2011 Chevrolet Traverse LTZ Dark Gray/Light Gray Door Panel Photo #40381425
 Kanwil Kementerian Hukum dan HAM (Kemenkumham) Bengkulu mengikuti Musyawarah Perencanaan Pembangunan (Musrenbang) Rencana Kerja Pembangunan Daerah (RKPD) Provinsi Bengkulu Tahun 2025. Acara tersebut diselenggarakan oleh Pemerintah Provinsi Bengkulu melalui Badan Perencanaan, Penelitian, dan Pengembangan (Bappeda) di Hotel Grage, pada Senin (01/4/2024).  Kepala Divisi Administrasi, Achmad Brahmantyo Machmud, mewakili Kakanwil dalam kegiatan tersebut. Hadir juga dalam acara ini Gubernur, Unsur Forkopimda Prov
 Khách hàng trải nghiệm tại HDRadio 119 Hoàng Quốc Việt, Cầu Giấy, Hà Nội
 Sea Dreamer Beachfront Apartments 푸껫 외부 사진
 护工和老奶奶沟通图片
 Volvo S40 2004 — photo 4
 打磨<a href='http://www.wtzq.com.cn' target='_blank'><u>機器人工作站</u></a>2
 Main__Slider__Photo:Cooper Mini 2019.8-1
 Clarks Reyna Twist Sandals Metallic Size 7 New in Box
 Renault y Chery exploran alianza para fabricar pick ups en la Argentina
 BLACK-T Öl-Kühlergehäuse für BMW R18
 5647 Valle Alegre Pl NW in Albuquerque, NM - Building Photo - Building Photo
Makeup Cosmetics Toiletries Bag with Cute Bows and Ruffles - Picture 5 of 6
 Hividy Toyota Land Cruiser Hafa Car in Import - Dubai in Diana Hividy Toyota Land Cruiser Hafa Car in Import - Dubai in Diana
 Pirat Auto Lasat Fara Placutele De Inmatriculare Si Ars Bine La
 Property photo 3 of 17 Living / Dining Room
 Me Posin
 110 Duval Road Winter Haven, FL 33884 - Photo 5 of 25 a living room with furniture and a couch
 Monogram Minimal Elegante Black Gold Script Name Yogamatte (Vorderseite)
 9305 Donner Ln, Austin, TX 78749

+-------+

## Task to carry out
Copy every line that appears above, with each word kept as it is.

## Result of this exercise
2011 Chevrolet Traverse LTZ Dark Gray/Light Gray Door Panel Photo #40381425
 Kanwil Kementerian Hukum dan HAM (Kemenkumham) Bengkulu mengikuti Musyawarah Perencanaan Pembangunan (Musrenbang) Rencana Kerja Pembangunan Daerah (RKPD) Provinsi Bengkulu Tahun 2025. Acara tersebut diselenggarakan oleh Pemerintah Provinsi Bengkulu melalui Badan Perencanaan, Penelitian, dan Pengembangan (Bappeda) di Hotel Grage, pada Senin (01/4/2024).  Kepala Divisi Administrasi, Achmad Brahmantyo Machmud, mewakili Kakanwil dalam kegiatan tersebut. Hadir juga dalam acara ini Gubernur, Unsur Forkopimda Prov
 Khách hàng trải nghiệm tại HDRadio 119 Hoàng Quốc Việt, Cầu Giấy, Hà Nội
 Sea Dreamer Beachfront Apartments 푸껫 외부 사진
 护工和老奶奶沟通图片
 Volvo S40 2004 — photo 4
 打磨<a href='http://www.wtzq.com.cn' target='_blank'><u>機器人工作站</u></a>2
 Main__Slider__Photo:Cooper Mini 2019.8-1
 Clarks Reyna Twist Sandals Metallic Size 7 New in Box
 Renault y Chery exploran alianza para fabricar pick ups en la Argentina
 BLACK-T Öl-Kühlergehäuse für BMW R18
 5647 Valle Alegre Pl NW in Albuquerque, NM - Building Photo - Building Photo
Makeup Cosmetics Toiletries Bag with Cute Bows and Ruffles - Picture 5 of 6
 Hividy Toyota Land Cruiser Hafa Car in Import - Dubai in Diana Hividy Toyota Land Cruiser Hafa Car in Import - Dubai in Diana
 Pirat Auto Lasat Fara Placutele De Inmatriculare Si Ars Bine La
 Property photo 3 of 17 Living / Dining Room
 Me Posin
 110 Duval Road Winter Haven, FL 33884 - Photo 5 of 25 a living room with furniture and a couch
 Monogram Minimal Elegante Black Gold Script Name Yogamatte (Vorderseite)
 9305 Donner Ln, Austin, TX 78749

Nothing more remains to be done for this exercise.